If you can remember from our last visit to his diaries of exactly 110 years ago, roving proto-field recordist Fred Gaisberg and sidekick William Sinkler Darby were in pre-revolutionary Russia in 1900 buying bear skin coats to ward off the harsh St Petersburg weather. (If you can’t remember you can read about it here.)
On April 3rd 1900 Fred & William were invited to “exhibit a Gramo” to a Russian princess which would likely have involved spinning some tunes for her majesty and making a recording for her amusement. This would proably have been the first time the royal lady would have ever have heard a recorded voice. Looking back from our perspective it is easy to forget what a revolutionary pastime Fred was engaged in. He was spreading the experience of recorded music into new pockets of the world as he toured them searching for musical talent. This was futuristic bleeding edge technology that Fred was working with and showing off!
Fred was no mug. It had been suggested to him by a Russian colleague called Raphoff that this exhibit may lead to an opportunity to record the Czar himself so Gaisberg was playing the angles hoping to engineer what would have been a significant early recording. Tune in to next week’s extract from Fred’s diaries to find out if he was successful pursuing this man.

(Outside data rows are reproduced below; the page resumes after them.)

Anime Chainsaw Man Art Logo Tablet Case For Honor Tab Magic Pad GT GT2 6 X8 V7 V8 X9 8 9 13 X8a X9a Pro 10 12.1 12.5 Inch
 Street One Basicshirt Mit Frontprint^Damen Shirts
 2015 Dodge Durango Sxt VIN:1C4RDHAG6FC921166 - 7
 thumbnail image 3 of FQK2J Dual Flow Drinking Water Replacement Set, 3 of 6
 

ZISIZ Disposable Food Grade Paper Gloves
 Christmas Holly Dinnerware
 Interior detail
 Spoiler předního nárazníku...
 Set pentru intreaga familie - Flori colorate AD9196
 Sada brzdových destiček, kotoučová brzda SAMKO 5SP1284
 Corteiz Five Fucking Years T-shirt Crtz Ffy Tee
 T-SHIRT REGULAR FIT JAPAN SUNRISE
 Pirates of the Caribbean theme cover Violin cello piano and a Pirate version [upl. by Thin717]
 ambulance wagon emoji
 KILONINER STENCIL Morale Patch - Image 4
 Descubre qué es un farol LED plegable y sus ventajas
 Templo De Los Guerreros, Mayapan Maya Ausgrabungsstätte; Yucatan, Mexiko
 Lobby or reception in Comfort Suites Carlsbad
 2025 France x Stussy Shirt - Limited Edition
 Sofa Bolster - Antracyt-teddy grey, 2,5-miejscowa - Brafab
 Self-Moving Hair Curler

The rest of Gaisberg’s week was spent watching a performance of Carmen (written only 35 years previously), following the Boer War in the old English newspapers in the lobby of a local hotel (Russians overwhelmingly supported the Boers, Fred overwhelmingly keen to point out to the he was American not English!) and recording and flirting with a beautiful young soprano called Radina.
On April 8th he wrote in his diary “We attended an afternoon performance of …Demon by Rubinstein. Radina was our prima donna ….Between the acts we would present ourselves at the dressing-room of our beautiful prima donna and congratulate her on her performance of the foregoing act…I told her I wished I was the Devil in the last act, when he was embracing her….” The rogue!